L'explication est simple : c’est le mode de scrutin. Les sénateurs sont élus par nos élus – c’est une élection au suffrage indirect. Et le collège électoral sur-représente la France rurale, qui vote traditionnellement plutôt à droite. Rendez-vous compte : Il aura fallu que la gauche détienne la quasi-totalité des régions, la plupart des départements et des grandes villes, pour que le Sénat change, fugacement, de majorité. Cette distorsion entre le vote des Français et la composition d’une des deux assemblées n’est tout simplement pas acceptable.

Et pourtant le Sénat est une magnifique chambre, avec une culture très différente de l’Assemblée nationale. L’Assemblée, c’est le cœur du conflit, de l’affrontement politique. Et c’est bien, c’est même nécessaire dans une démocratie. Le Sénat, c’est le lieu de la délibération. Les débats y sont à la fois moins observés, et plus policés.

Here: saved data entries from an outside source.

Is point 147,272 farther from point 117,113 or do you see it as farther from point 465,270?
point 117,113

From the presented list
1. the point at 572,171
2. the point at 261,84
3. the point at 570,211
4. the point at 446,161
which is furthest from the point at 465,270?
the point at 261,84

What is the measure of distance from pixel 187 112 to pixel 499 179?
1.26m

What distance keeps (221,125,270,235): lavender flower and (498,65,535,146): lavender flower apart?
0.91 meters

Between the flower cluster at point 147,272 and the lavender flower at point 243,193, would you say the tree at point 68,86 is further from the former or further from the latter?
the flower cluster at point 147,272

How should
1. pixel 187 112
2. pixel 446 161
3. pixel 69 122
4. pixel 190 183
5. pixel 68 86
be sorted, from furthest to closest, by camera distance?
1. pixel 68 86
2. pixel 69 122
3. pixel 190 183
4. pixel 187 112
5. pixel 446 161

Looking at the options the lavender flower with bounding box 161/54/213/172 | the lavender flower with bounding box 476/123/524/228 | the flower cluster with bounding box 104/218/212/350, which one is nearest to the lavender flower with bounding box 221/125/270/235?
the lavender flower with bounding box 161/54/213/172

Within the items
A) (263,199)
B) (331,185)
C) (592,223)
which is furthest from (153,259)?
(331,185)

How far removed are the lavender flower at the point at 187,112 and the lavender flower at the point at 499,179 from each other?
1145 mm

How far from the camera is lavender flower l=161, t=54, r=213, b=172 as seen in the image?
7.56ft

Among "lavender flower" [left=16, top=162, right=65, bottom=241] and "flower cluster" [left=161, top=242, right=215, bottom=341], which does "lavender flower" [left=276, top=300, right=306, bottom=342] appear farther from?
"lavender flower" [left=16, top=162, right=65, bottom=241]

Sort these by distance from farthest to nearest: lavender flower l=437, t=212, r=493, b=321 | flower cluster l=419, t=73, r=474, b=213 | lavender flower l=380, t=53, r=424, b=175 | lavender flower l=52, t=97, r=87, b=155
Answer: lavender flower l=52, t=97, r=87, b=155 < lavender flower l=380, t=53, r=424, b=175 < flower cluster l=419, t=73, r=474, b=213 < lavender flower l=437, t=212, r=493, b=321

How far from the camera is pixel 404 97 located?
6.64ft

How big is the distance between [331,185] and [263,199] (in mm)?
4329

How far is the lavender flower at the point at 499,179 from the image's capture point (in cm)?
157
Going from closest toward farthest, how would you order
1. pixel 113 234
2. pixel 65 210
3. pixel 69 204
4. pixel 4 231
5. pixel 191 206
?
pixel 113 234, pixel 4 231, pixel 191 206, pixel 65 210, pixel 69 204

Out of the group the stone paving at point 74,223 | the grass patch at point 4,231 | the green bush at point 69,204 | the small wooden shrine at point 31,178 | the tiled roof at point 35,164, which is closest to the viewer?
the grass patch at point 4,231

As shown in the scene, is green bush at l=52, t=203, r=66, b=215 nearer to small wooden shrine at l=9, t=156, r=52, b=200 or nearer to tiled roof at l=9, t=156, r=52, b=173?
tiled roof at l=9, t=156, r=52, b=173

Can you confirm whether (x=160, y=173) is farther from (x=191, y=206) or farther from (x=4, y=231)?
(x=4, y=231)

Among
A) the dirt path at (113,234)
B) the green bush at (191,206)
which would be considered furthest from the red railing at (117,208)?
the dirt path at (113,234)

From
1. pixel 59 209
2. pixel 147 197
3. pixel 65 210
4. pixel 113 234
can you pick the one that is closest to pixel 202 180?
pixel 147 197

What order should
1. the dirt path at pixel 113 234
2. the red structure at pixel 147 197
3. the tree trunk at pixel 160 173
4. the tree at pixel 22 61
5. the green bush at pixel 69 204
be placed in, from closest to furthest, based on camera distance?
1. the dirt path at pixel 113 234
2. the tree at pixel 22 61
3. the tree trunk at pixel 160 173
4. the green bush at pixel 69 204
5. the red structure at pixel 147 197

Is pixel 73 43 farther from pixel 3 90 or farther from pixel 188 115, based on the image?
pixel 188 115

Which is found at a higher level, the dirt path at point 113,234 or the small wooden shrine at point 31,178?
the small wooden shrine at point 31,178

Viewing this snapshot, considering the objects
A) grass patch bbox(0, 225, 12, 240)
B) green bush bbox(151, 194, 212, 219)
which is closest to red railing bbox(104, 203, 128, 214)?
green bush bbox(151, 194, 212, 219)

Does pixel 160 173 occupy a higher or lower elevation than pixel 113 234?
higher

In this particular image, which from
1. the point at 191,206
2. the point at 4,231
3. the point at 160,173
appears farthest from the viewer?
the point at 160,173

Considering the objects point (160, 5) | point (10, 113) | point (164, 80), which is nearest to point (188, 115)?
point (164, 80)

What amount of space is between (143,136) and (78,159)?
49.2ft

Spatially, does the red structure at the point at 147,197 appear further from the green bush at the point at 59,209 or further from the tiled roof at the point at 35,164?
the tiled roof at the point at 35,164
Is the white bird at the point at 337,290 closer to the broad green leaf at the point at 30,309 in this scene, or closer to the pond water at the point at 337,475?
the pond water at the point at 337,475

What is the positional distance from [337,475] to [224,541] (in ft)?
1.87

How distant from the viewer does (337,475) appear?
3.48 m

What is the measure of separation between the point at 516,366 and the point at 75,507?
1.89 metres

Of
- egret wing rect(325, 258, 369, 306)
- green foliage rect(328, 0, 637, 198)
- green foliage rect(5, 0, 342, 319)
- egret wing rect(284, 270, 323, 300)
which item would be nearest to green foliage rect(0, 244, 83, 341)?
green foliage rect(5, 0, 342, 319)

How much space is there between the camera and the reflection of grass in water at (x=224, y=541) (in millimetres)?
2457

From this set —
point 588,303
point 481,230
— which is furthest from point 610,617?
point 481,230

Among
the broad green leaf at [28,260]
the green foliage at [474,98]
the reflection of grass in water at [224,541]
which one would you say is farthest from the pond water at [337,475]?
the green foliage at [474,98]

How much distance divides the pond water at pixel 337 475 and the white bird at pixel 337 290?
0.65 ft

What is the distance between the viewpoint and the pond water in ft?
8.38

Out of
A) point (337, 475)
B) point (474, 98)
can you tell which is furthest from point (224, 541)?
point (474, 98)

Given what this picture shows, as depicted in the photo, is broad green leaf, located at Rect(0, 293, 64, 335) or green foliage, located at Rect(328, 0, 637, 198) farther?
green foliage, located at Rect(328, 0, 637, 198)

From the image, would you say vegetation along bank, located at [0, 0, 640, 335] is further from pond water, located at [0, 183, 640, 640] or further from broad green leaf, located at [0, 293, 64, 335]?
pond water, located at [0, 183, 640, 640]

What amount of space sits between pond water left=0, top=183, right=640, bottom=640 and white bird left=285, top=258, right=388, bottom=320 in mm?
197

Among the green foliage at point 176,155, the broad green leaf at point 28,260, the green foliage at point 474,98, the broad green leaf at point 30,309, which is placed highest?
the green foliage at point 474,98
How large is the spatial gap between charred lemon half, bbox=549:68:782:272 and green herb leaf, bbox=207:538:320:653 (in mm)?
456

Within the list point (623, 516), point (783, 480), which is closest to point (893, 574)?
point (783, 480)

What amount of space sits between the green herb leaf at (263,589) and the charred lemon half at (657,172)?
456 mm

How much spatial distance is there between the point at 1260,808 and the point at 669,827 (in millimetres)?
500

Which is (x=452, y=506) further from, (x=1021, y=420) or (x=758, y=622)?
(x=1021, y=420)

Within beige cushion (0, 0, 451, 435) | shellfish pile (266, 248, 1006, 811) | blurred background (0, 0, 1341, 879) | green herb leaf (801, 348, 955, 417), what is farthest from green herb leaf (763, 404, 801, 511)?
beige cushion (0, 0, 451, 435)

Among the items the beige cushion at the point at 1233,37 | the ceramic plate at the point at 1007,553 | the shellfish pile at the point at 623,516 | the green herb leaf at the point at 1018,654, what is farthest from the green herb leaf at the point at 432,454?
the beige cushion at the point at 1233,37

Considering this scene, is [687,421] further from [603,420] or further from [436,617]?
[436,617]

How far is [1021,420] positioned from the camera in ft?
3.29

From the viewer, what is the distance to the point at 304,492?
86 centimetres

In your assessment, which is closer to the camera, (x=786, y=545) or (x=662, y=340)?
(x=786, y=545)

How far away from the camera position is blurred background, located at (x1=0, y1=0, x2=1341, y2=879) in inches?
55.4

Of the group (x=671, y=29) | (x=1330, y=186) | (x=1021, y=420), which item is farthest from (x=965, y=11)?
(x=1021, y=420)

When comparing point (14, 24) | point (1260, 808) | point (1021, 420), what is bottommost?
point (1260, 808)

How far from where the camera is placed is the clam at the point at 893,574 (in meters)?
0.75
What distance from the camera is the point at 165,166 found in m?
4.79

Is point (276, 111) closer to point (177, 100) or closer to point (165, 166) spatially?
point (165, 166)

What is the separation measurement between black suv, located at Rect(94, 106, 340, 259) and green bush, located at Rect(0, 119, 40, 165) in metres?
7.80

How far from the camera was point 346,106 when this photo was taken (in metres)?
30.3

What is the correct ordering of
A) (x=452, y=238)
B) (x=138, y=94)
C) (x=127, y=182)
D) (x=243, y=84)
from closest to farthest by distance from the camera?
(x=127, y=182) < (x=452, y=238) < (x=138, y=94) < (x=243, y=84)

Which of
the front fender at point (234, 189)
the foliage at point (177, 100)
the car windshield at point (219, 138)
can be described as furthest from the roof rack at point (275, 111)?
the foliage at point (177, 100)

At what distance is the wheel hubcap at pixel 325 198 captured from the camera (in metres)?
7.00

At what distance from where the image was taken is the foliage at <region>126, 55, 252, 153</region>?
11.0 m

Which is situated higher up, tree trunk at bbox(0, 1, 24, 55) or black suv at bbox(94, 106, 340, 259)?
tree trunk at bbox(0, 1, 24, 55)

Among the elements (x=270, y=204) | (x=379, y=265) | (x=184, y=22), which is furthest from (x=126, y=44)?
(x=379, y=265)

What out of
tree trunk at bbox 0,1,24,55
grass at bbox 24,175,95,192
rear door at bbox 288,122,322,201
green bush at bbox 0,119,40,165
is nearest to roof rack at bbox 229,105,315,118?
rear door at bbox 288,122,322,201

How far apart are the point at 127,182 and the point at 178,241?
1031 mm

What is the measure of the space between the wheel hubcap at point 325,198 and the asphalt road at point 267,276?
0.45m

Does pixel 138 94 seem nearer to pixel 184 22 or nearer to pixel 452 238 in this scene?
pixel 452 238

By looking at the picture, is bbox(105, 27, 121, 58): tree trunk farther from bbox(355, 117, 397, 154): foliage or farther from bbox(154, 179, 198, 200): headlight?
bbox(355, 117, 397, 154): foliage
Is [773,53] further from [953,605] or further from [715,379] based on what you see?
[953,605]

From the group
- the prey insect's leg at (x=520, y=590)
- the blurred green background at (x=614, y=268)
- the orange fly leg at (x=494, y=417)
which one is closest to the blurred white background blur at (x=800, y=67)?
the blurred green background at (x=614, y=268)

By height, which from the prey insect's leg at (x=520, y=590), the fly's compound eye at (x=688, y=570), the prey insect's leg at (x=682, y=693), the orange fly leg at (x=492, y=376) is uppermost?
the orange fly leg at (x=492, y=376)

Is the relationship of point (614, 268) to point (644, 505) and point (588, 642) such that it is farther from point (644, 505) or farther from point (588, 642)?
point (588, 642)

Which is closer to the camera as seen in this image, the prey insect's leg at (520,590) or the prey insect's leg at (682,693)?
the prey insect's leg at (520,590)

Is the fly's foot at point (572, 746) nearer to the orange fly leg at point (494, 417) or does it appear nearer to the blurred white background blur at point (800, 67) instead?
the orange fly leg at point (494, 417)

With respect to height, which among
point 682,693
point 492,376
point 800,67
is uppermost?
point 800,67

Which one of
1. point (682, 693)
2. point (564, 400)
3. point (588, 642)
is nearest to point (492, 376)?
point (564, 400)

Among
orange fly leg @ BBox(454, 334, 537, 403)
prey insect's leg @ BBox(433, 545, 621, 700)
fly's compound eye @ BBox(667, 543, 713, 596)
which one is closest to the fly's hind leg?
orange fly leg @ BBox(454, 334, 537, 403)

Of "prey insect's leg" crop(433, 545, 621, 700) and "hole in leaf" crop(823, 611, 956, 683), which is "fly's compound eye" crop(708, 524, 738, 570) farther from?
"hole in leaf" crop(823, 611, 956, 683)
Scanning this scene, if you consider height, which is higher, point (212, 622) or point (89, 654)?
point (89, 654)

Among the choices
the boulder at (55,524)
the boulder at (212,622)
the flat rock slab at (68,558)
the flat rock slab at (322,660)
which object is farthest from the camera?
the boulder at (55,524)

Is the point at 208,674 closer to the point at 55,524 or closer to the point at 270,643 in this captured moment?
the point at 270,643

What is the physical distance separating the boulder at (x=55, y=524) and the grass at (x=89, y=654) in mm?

Cela permet de discuter les textes plus en profondeur, d’améliorer la rédaction de la loi, et même, parfois, de trouver des consensus transpartisans. C’est un apport formidablement précieux pour notre République !

Tirer au sort pour mieux représenter la société 

Adapter le mode de scrutin serait la moindre des choses. Mais nous pourrions aller plus loin. Un Sénat tiré au sort, parmi les citoyens volontaires, avec les mêmes pouvoirs qu’aujourd’hui : voilà ce que je propose. L’intérêt du tirage au sort, c’est qu’il permet une bien meilleure représentation de la société française. Nous verrions soudain des étudiants, des ouvriers, des livreurs devenir sénateurs. Leurs expériences, leurs points de vue viendraient enrichir la délibération parlementaire. Leurs débats seraient libérés de l’appartenance partisane : pas d’étiquette, donc pas de consigne, moins de postures et davantage de débat. Nous verrions émerger des propositions issues directement du corps social français, qui viendraient ensuite irriguer les débats à l’Assemblée nationale, comme le font déjà les amendements votés au Sénat.

La question de la compétence se pose. Mais en quoi est-ce différent aujourd’hui ? Regardez ce qui s’est passé en 2017 : l’essentiel des députés macronistes n’avaient jamais été élus. C’était des chefs d’entreprise, des directeurs des ressources humaines, des médecins sans aucune expérience politique. Personne ne s’en est inquiété. Pourquoi en irait-il différemment avec des agriculteurs ou des plombiers ? Au contraire même : on pourrait très bien imaginer que le tirage au sort ait lieu un an avant le début du mandat, ce qui permettrait d’offrir, aux futurs sénateurs et sénatrices, une formation accélérée. Dans ce cas, la compétence aurait même plutôt tendance à monter !

D’ailleurs, regardez ce qui s’est passé avec la Convention citoyenne pour le climat. Nous étions sur un format très proche de celui que je propose. En quelques mois, les citoyens tirés au sort ont acquis des compétences précises sur les enjeux climatiques. Ils ont trouvé des consensus, sur des propositions fortes, dont tous les experts ont souligné l’audace et la qualité. Je ne propose rien d’autre que de pérenniser cette solution, sous la forme d’une véritable Chambre des Citoyens.

Quelle légitimité de citoyens non élus à décider de la loi ?

Ils auraient une légitimité politique complémentaire. Il faut conserver bien sûr, à l’Assemblée nationale, le principe de l’élection. L’élection, c’est ce qui garantit à chaque citoyen un pouvoir égal dans le choix des gouvernants. C’est fondamental : c’est ce qui forge la légitimité. Mais le tirage au sort, c’est ce qui assure à chaque citoyens une chance égale d’exercer le pouvoir. Sans ces deux principes, il est impossible de parler d’une authentique démocratie. Emmanuel Macron a annoncé vouloir donner plus de place à la souveraineté populaire. Si ce ne sont pas des paroles en l’air, il pourrait trouver, ici, matière à réflexion.